If you’re one of those people trying to game the system through spam bots and black-hat agents to increase your visibility in search, I implore you to stop reading now. Turn back. Revisit your digital strategy. Revisit your company’s overall goals.
I’ve said it before, and I’ll say it again. Content is king. If your content sucks, stop wasting time and resources toward marketing efforts that will inevitably flop.
But if you’re one of those people focused on producing strong, quality content that provides value to your audience, keep on scrollin.’ Because you’re already one step ahead of the game in reaching your audience.
I’m talking about search engine optimization, or SEO, which is the art and science of ensuring that the words and phrases on your site, blog, and other online content are found by the search engines and that, once found, your site is given the highest ranking possible in natural research results.
Or in human terms: Crafting your content so you show up on the first page of Google’s (and other search engines’) search results.
“These days, every legitimate SEO expert tells you content is king. They all declare that digital marketing now rests on creating lots of original, authentic, compelling content for all the world’s online, social and mobile platforms.” – Donald Dunnington, Hyper-Local SEO & Marketing (pg. 33)
Aside from crafting amazing content, here are some quick tips to adhere to search engine algorithms and improve your ranking, according to David Meerman Scott in The New Rules of Marketing & PR:
- Use a clear URL.
- Identify appropriate keywords and phrases.
- Place words carefully within your content, tags, metadata, inbound links, and other details.
- Visit the FAQs and tutorials on pages of popular search engine advertising programs including Google AdWords, Bing Ads, and Yahoo! Search Marketing sites.
In a previous blog, I talked about how important it is for PR practitioners to build relationships and be more audience-centric. The same is true for SEO.
“SEO is the new PR and PR the new SEO When you talk to today’s SEO managers, the conversation frequently turns to the sort of relationship building that was the foundation for the public relations…The only difference is today’s SEO-oriented media relations are largely focused on online media, and a major objective is to influence your ranking in Search Engine Results Pages (SERPs), not just count news clippings.” – Donald Dunnington, Hyper-Local SEO & Marketing (pg. 28)

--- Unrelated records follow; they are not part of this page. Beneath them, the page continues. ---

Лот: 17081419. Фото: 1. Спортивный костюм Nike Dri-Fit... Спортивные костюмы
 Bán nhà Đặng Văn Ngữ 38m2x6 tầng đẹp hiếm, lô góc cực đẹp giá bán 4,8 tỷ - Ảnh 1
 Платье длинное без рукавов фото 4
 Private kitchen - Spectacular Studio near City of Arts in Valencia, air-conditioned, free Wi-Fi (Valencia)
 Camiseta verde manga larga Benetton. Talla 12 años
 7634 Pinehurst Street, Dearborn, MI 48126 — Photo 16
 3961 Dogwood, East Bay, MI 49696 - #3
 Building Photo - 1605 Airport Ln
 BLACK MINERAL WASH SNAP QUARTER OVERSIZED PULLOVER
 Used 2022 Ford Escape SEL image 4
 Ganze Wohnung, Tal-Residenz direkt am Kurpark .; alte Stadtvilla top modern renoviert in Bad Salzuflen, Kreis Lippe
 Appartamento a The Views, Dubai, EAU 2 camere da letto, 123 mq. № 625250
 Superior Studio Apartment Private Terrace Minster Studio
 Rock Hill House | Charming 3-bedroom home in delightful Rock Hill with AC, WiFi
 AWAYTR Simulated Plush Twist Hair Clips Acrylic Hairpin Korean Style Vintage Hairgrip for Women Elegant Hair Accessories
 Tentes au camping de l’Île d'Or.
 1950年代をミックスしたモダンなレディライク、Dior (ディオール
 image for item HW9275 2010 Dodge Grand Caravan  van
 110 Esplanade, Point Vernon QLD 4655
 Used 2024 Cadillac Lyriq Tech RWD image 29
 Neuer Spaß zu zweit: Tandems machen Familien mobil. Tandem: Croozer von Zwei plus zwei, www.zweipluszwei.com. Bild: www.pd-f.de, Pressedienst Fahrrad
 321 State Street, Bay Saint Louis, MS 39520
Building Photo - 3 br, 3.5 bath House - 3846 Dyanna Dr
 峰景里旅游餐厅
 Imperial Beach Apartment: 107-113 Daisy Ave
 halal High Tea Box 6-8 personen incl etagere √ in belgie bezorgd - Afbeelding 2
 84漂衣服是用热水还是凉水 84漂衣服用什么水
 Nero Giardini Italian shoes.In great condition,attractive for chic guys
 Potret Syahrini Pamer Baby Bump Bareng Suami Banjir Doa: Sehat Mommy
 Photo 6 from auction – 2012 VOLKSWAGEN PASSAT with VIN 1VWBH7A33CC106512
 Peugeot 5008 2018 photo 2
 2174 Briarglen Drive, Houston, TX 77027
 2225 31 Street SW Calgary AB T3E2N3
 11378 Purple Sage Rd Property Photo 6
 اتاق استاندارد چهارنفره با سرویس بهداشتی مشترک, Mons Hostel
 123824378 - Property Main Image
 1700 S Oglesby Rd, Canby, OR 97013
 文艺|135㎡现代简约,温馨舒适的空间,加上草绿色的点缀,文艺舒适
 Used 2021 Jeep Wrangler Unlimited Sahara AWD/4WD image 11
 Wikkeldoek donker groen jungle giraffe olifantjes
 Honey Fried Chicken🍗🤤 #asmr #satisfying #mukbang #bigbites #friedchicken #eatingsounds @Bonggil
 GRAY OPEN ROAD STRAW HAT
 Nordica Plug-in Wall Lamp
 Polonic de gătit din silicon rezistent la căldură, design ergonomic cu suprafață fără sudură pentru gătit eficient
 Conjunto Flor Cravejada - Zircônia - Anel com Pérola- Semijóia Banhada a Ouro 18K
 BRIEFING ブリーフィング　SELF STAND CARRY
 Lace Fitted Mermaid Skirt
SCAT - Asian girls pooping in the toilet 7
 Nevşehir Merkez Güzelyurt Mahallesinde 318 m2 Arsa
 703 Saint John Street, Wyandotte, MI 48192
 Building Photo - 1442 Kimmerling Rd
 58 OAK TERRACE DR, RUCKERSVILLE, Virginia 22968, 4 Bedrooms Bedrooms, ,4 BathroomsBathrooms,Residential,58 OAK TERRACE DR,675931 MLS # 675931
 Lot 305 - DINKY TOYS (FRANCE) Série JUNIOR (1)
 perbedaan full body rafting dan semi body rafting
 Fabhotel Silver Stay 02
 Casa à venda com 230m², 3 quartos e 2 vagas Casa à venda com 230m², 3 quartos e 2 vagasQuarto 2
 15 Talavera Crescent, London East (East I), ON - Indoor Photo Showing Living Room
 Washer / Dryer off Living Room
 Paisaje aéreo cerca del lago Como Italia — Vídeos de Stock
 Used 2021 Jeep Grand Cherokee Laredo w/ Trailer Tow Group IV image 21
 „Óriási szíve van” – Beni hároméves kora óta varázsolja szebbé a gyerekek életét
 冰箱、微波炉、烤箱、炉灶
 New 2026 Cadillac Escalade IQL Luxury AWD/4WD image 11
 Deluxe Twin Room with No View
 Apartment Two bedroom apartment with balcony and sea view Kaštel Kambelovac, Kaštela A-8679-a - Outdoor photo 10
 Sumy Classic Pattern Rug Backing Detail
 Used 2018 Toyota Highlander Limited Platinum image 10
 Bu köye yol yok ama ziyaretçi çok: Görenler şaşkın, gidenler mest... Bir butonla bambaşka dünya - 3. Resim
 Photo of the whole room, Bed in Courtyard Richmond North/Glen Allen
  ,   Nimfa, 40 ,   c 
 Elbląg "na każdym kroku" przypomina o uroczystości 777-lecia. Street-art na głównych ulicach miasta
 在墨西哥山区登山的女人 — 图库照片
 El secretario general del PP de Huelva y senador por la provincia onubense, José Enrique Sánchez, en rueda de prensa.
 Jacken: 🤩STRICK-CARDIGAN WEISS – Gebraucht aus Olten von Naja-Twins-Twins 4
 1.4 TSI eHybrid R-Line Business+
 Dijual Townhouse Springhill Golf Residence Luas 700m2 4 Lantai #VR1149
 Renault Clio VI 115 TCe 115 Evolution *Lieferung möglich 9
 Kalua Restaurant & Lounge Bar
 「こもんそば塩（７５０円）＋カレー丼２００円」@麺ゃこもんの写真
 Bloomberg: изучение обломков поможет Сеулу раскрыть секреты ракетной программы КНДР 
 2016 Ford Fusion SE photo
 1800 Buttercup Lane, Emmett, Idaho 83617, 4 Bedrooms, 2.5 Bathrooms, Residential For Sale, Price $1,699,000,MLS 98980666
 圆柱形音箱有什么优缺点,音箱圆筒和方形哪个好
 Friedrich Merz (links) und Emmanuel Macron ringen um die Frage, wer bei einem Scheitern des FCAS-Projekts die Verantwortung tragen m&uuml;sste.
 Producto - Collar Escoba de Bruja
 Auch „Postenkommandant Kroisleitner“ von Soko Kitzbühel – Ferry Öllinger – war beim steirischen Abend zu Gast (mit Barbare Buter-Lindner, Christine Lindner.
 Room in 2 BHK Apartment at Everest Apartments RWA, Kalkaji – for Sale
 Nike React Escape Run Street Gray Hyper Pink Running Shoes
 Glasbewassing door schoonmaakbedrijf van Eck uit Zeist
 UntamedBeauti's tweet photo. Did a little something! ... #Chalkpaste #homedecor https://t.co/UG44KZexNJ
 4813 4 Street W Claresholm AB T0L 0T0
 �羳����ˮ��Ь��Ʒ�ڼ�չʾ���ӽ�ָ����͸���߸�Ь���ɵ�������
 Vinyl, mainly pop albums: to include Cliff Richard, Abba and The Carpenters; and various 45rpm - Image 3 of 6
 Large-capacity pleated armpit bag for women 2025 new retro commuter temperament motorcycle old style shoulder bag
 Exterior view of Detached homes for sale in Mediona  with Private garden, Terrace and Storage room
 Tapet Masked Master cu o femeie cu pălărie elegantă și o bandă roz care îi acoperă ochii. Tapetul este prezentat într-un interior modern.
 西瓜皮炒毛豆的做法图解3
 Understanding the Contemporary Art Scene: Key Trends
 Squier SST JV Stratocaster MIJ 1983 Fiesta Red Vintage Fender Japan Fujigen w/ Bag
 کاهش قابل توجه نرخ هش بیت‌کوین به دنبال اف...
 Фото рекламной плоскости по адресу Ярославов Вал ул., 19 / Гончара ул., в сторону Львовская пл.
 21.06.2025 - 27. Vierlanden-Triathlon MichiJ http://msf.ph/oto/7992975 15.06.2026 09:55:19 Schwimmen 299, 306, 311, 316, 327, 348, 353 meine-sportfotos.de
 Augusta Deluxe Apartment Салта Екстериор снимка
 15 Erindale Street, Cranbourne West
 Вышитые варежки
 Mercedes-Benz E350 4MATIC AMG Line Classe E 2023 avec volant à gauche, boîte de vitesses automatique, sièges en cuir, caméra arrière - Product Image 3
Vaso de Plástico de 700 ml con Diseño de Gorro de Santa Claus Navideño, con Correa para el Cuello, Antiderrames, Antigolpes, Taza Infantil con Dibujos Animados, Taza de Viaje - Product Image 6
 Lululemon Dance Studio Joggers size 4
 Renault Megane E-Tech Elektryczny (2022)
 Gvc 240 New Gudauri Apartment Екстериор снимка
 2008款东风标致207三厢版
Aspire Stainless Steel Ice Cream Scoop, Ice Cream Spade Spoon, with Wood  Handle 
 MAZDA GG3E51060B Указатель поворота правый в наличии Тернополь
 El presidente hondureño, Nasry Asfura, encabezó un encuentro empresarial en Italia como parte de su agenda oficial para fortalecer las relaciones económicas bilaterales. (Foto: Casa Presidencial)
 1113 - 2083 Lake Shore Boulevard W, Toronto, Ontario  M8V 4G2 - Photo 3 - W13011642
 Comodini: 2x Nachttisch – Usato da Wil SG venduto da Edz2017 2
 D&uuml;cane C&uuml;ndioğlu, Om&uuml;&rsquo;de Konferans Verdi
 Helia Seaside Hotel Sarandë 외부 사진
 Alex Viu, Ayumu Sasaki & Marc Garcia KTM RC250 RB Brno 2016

Online media also means you can’t just throw spaghetti at the wall and hope it sticks – we now have access to an abundance of data that gives us insight into what’s working, or what needs to be optimized moving forward (re: Google Analytics). For instance: What social networks drive the most site traffic? Which devices does your audience use most? What content produces the most short- and long-term conversions? What’s the actual value of your digital return on investment?
Lisa Buyer offers the following measurement and analytics tips in her book Social PR Secrets (Chapter 18):
- Start with the basics first: It all starts with the basic understanding of your owned properties, so begin with the web analytics of your owned media; your website and blog first, and then move to looking at other outside data analytics.
- Measuring in all the right places: At the end of the day, the most important analytics are what matters most to your business goals. This could be email sign-ups, subscriptions, product sales, media mentions, visits, or shares.
- Today’s social PR KPIs: Setting key performance indications (KPIs) prior to a Social PR campaign allows you to set benchmarks to measure against and helps get the “buy in” from all the decision makers. Make sure everyone (from the president to CMO to sales manager to marketing) is on the same page as to what the meaning of success looks like. Of course, the ultimate KPI is the actual sale or conversion (financial ROI) or the front-page story in The Wall Street Journal (many times ego-ROI), but there’s a journey involved in that ultimate KPI win, a process of touchpoints, relationship building, and nurturing.
- Create kickass content.
- Make the content available and easily accessible to audiences on a global scale.
- Measure and trust the data.
In Dunnington’s Forward, Miranda Miller summarizes it best:
Forget about what it is you want to do – what does your target market want and need? Who are they? Where do they live online? How do they seek out information, make decisions, and prefer to connect with brands? These insights are going to drive your search and social strategy, as going global essentially means going local in someone else’s locale.